===== Data under study

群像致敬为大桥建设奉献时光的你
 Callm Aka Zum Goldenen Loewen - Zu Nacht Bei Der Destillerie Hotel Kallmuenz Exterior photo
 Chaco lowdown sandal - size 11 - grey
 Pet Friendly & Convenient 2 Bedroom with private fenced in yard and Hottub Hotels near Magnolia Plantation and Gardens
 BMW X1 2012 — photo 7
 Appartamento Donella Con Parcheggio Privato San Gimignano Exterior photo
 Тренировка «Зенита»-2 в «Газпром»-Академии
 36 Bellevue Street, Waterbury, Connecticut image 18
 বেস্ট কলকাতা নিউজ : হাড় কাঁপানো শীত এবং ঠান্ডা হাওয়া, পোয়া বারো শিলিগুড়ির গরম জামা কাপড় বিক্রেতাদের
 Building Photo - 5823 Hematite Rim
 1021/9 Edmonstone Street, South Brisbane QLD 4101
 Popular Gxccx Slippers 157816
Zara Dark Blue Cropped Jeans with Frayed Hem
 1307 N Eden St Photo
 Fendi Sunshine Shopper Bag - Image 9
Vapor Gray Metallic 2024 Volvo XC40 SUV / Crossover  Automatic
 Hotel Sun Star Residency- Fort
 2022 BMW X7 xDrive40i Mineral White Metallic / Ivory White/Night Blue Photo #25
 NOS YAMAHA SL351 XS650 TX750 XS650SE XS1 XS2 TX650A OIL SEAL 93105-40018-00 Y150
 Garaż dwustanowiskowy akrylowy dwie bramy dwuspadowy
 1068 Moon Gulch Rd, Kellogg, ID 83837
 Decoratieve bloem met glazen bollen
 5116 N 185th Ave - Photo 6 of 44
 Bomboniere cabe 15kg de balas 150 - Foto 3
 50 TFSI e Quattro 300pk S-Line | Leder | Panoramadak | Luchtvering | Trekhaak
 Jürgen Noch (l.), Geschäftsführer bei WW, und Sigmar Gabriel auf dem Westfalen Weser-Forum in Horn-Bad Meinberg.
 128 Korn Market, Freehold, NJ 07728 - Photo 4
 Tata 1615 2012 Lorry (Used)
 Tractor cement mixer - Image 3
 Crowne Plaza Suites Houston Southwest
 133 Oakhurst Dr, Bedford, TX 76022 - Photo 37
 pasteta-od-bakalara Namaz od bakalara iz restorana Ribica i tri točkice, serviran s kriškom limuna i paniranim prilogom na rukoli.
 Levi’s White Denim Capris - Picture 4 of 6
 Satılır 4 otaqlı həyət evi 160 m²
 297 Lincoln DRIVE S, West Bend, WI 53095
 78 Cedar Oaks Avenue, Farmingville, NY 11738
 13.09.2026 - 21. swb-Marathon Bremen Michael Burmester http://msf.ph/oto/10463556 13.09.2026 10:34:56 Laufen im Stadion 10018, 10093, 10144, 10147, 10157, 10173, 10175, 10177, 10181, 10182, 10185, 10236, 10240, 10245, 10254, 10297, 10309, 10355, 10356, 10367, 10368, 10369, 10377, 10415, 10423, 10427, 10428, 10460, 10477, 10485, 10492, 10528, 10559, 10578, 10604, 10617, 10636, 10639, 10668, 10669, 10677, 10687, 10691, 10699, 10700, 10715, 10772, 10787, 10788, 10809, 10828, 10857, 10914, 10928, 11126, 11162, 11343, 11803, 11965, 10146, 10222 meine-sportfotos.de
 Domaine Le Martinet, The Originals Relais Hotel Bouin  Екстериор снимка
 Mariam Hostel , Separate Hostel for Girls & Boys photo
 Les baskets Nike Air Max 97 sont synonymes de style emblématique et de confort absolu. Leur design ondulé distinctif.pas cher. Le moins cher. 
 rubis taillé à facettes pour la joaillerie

==========

**Problem to solve**
All lines above between those holding "2022 BMW X7" and "133 Oakhurst Dr, Bedford, TX", inclusive, must be set down unchanged, and no other line may be included.

**Written solution**
 2022 BMW X7 xDrive40i Mineral White Metallic / Ivory White/Night Blue Photo #25
 NOS YAMAHA SL351 XS650 TX750 XS650SE XS1 XS2 TX650A OIL SEAL 93105-40018-00 Y150
 Garaż dwustanowiskowy akrylowy dwie bramy dwuspadowy
 1068 Moon Gulch Rd, Kellogg, ID 83837
 Decoratieve bloem met glazen bollen
 5116 N 185th Ave - Photo 6 of 44
 Bomboniere cabe 15kg de balas 150 - Foto 3
 50 TFSI e Quattro 300pk S-Line | Leder | Panoramadak | Luchtvering | Trekhaak
 Jürgen Noch (l.), Geschäftsführer bei WW, und Sigmar Gabriel auf dem Westfalen Weser-Forum in Horn-Bad Meinberg.
 128 Korn Market, Freehold, NJ 07728 - Photo 4
 Tata 1615 2012 Lorry (Used)
 Tractor cement mixer - Image 3
 Crowne Plaza Suites Houston Southwest
 133 Oakhurst Dr, Bedford, TX 76022 - Photo 37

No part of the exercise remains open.